Les étudiants ayant assisté qu’aux séances magistrales (regroupement 3) ont fait valoir le fait que la classe permettait d’interagir avec la professeure ou les autres étudiants et d’obtenir des réponses à leurs questions. Ils ont eu l’impression qu’en assistant aux séances, ils devaient inévitablement travailler et apprendre, puis que l’ensemble de la matière prévue à l’examen allait être couverte. Le fait d’avoir une plage horaire bien précise à consacrer à leur cours était aidant selon eux. Ces étudiants percevaient les vidéos comme une ressource pour réviser la matière, pour pallier une difficulté, un oubli ou une absence.

Les étudiants ayant alterné entre les vidéos et les séances magistrales (regroupement 4) ont amorcé leur cours en présence, mais se sont rabattus éventuellement, pour la plupart, que sur les vidéos; ou encore, lorsqu’un étudiant n’assistait pas à un cours, il le reprenait par le biais de la vidéo. Ces étudiants ont eu des points de vue variés sur les vidéos, notamment qu’ils constituaient de bons rappels ou compléments aux séances magistrales, qu’ils étaient à toute fin pratique « parfaits », qu’ils permettaient de maximiser son temps, qu’ils pouvaient toutefois générer un sentiment de manque par rapport aux séances magistrales. Aucun étudiant n’a exprimé le fait qu’il tentait de résoudre des problèmes ou de prendre des notes pendant le visionnement des vidéos dans ce regroupement.

Appréciation et utilisation potentielle

La variété des préférences sur l’utilisation des vidéos ou des séances magistrales exprimées par les 161 étudiants ayant répondu au sondage de fin de trimestre nous rappelle à quel point il est important de varier ses types de ressources pédagogiques. L’usage de ces ressources a été fait en fonction d’une pluralité de raisons qui justifiaient parfois l’un, parfois l’autre type, selon les besoins de chacun. Le visionnement des vidéos n’a pas été effectué pour les mêmes raisons dans les trois regroupements d’étudiants où les auteurs ont observé leur utilisation. De la même façon, les conditions des séances magistrales plaisaient à certains étudiants, mais pas à d’autres. Les étudiants ont des besoins très diversifiés dans leur apprentissage; c’est ce que l’étude révèle pour l’enseignement des mathématiques, du moins.

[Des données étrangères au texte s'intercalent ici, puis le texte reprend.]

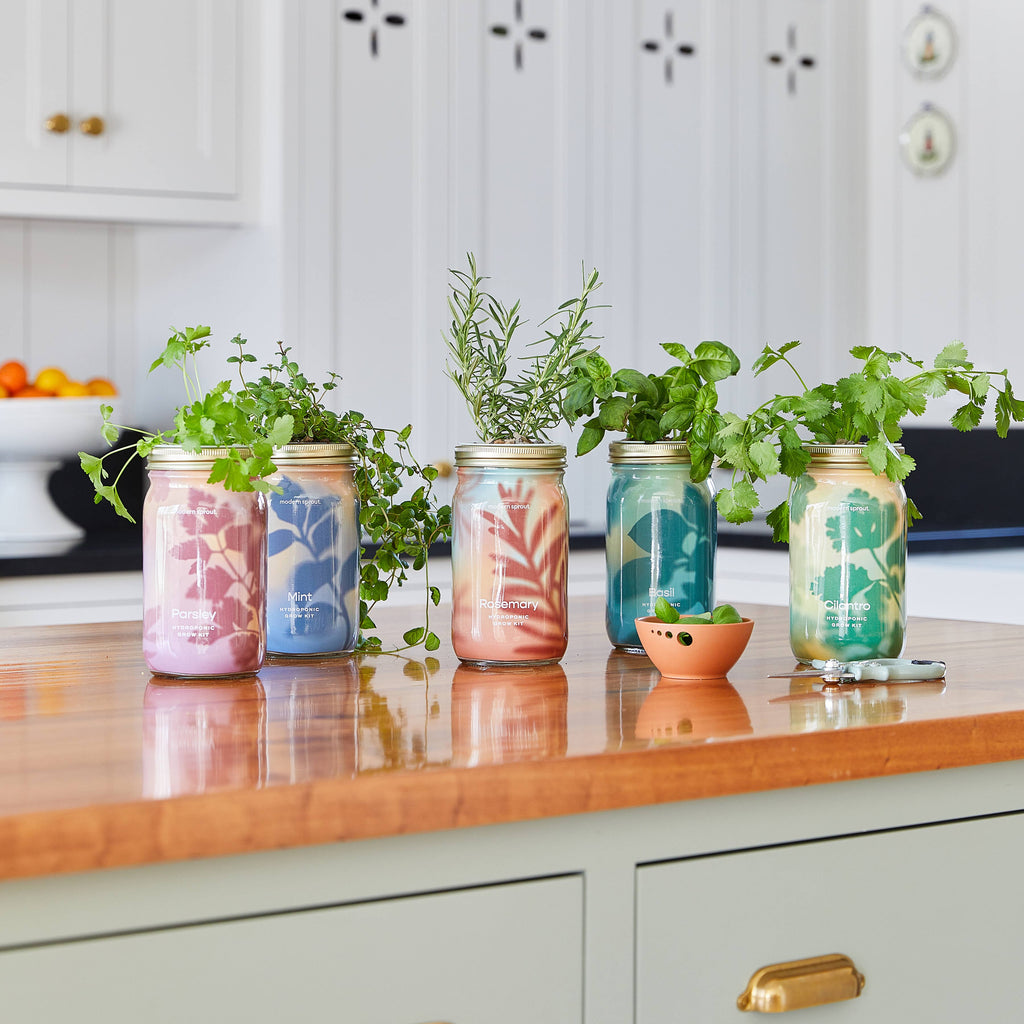Herb Garden Jar: Mint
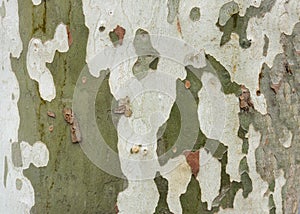 Natural texture of sycamore tree bark, background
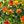 Orange Eucalyptus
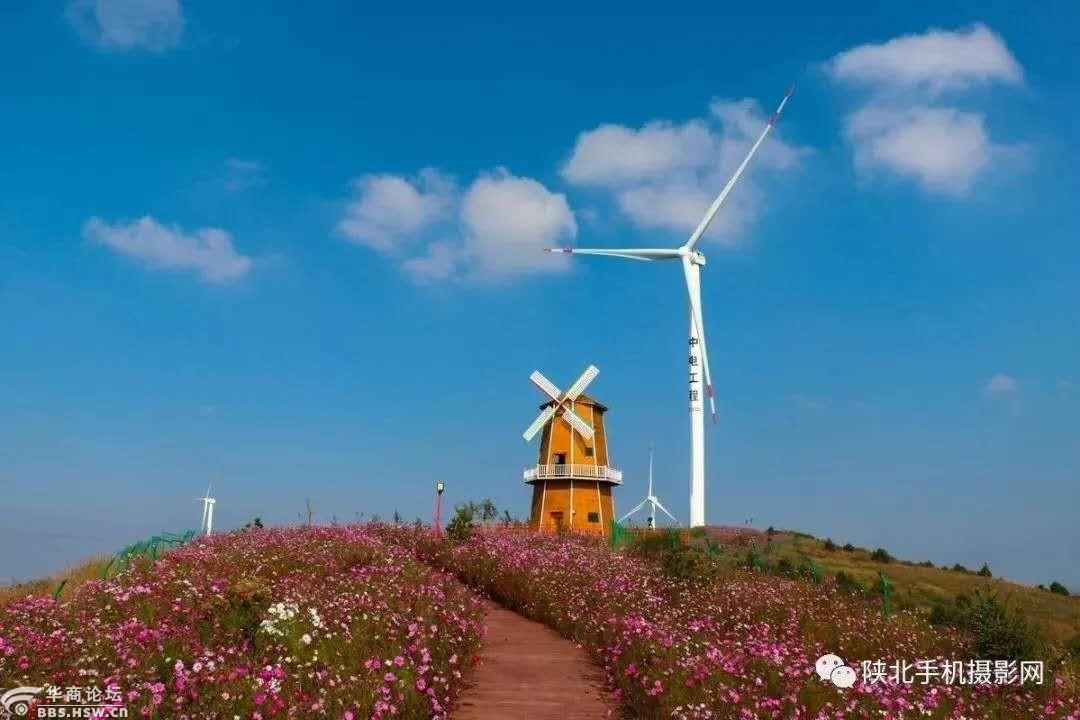 【惠享●旅游●生态黄龙】无量山,界头庙风车小镇洗肺避暑一日游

Aussi, le fait que les étudiants du regroupement 3 n’ayant assisté qu’aux séances magistrales aient présenté une moyenne de près de 10 % plus élevée que celle des étudiants n’ayant utilisé que les vidéos pourrait être attribuable au fait que ces étudiants ont bénéficié d’un soutien supplémentaire en classe. Pour ce qui est de la formation entièrement à distance, nous pourrions penser, suivant les résultats de cette étude qui portait sur un mode hybride de formation, qu’il est important que l’accompagnement et le soutien des étudiants soit mis de l’avant afin de favoriser au maximum les apprentissages.

Notice biographique

Sophie Beaupré est spécialiste en sciences de l’éducation à l’Université TÉLUQ. Elle cumule plus d’une quinzaine d’années d’expérience dans le milieu de l’éducation. En 2014, elle reçoit un certificat d’excellence de l’Université TÉLUQ pour ses résultats obtenus en technologie éducative. Elle est co-auteure du Guide de conception et d’utilisation du manuel numérique universitaire (PUQ, 2013). Elle a collaboré au développement de cours universitaires s’étant vu décerner un prix (Prix de la ministre pour « Stratégie d’entreprise », TÉLUQ, 2011) et une reconnaissance (mention de l’Infothèque de l’Agence universitaire de la Francophonie pour « Travail intellectuel en philosophie », UQAM, 2005). Elle participe aux Lectures choisies du site Pédagogie universitaire depuis 2015.